- _About this exercise_
Would you output the lines from the one containing "Давайте вспомним: Какие" through the final line of the entries, exactly and with pictures omitted?
Start of Recorded data
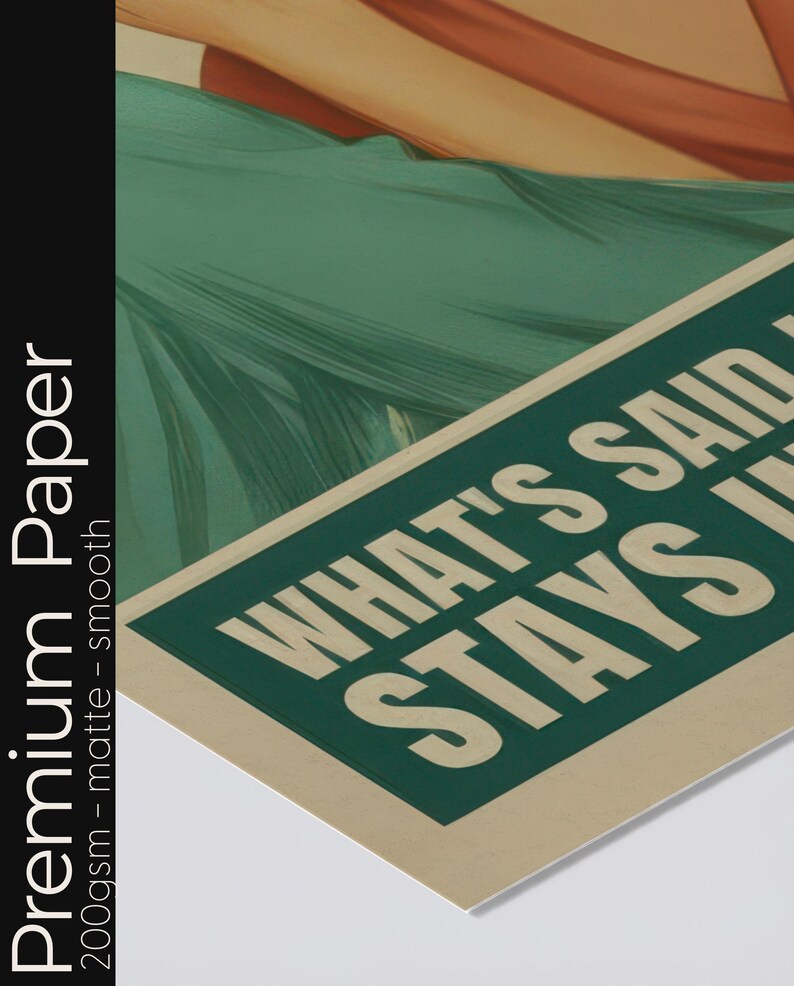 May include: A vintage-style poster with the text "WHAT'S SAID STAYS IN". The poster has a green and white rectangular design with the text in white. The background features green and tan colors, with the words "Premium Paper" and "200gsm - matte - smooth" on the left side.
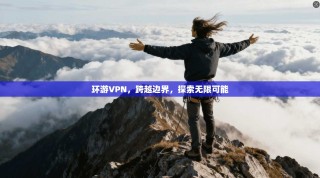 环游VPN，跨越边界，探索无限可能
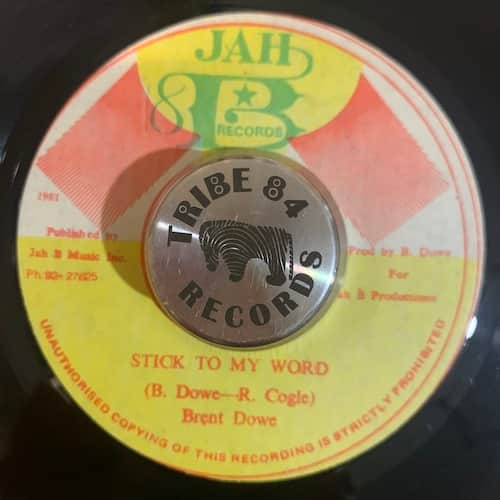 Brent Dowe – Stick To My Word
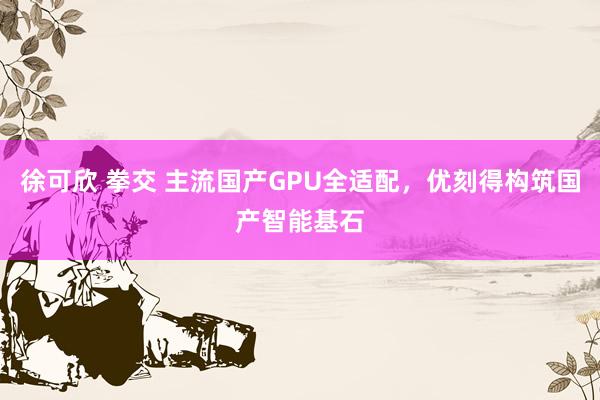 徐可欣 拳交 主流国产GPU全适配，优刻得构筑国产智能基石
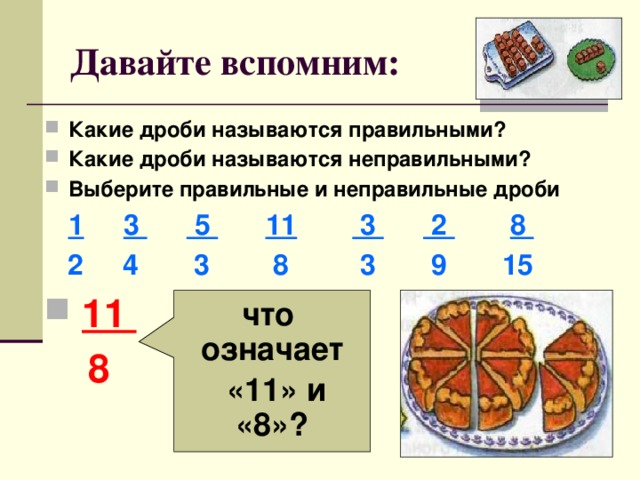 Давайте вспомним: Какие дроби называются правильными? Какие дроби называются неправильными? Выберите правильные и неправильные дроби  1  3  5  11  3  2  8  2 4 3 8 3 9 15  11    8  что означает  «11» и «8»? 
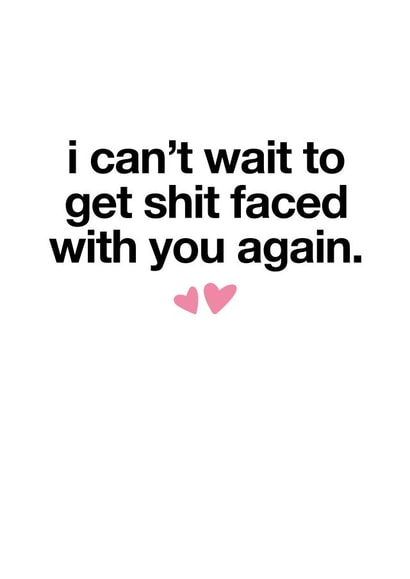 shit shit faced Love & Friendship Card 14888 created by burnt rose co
End of Recorded data
- _Output for this task_
 Давайте вспомним: Какие дроби называются правильными? Какие дроби называются неправильными? Выберите правильные и неправильные дроби  1  3  5  11  3  2  8  2 4 3 8 3 9 15  11    8  что означает  «11» и «8»? 
 shit shit faced Love & Friendship Card 14888 created by burnt rose co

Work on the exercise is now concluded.